En fait, ils sont rarement dehors. Ils vivent dedans à regarder par la baie vitrée l’horizon de leur dispositif occultant. Même le linge, ils ne l’étendent pas dehors, ils lavent leur linge en famille. Que fait-elle là dehors, saisie par la google car, penchée sur son pulvérisateur, bleu comme sa salopette, prête à agir. Désherberait-elle devant sa porte ? Une exception, pas le souci du propre, le fait de quitter l’enclos. Ah si, un monsieur avec son coupe bordure, un autre qui nettoie un parterre et cette femme qui met des feuilles dans un grand sac. Des isolés, des solitaires, personne qui parle à son semblable. Cela doit bien arriver quand même. Sensation d’une grande solitude.
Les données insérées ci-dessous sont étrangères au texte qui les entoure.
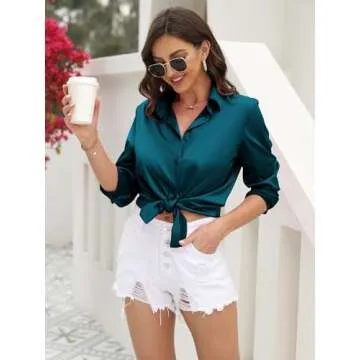 Womens Soft Satin Silk Button Down Shirts for Women Silky Long Sleeve Work Shirt Dress Blouses Tops Blue Green Size M
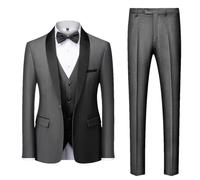 ZouoYYii Abito da Uomo 3 Pezzi - Slim Fit con Un Bottone E Collo A Scialle Giacca Gilet E Pantaloni Set per Affari Ballo Sposo Matrimonio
Ils sont difficile à observer, jamais personne, jamais dehors. Je connais mieux leurs voitures et leurs poubelles que leurs têtes. C’est le soir le meilleur moment quand ils sortent les chiens, toutes sortes de chiens, des grands, des petits, des gris des roux, des noirs et blancs, des tout noirs, des tout blancs, des poilus, des rasés, des gros,des maigres, des commodes et des moins, au bout d’une laisse ou en liberté, au pied bien sage ou filant devant ou trainant derrière à pisser et à renifler. Monsieur, parfois Madame, rarement en couple. Comme les chiens se saluent amicalement ou non, les maîtres n’y échappent pas. Une grande sociabilité règne à l’heure des chiens, un souffle d’humanité à travers la société canine. Sinon, ils sortent peu. et les crottes, ils les laissent dehors, puisque c’est dehors dans l’espace public, pas tous, presque tous. Pas chez eux. Chez soi, c’est différent. Dedans, dehors.
Ils sortent peu. Sauf les sportifs et les sportives, marcheurs, coureurs, joggers, cyclistes qui saluent dans un souffle, trop loin de leur base pour une observation in situ. Plus rapides que les animaux sauvages. Ils ne font que passer. Restent les promeneurs d’enfants en poussette, plus lents, moins éloignés du gite, souvent avec le chien pour faire d’une pierre deux coups.
Même posté de longues heures, on ne les voit guère. ou alors des étrangers, un livreur, un isolateur de comble avec son long tuyau. Pas vraiment l’ambiance d’un lieu densément habité. Un grand vide, une absence de vie. Le salon de jardin, le bord de la piscine, la terrasse, ils y font des apparitions furtives. Ça manque d’ombre. Pas de grands arbres, pas de sieste à l’ombre des grands arbres. Parfois une fête tardive, un repas de famille. Presque aussi rare que de surprendre sur un accouplement de renards. Les amoureux de la nature me comprennent. Dans la journée, ils s’en vont, l’été ils s’en vont, la nuit ils dorment, tout dort. C’est l’heure des chats et autres maraudeurs. On les voit partir ou rentrer. Ils sont difficile à observer. Le facteur est le seul qui les connaisse par leur nom et qui ait une idée de leurs mœurs. Ce qu’ils lisent, à quoi ils sont abonnés, ce qu’ils achètent.
Ils n’aiment pas qu’on les observe dans leur terrier. Comment font-ils sur des plages bondées, dans les encombrements des routes, en croisière sur des bateaux surpeuplés ? Ils s’en plaignent. S’ils étaient seuls, je crois même qu’ils auraient peur.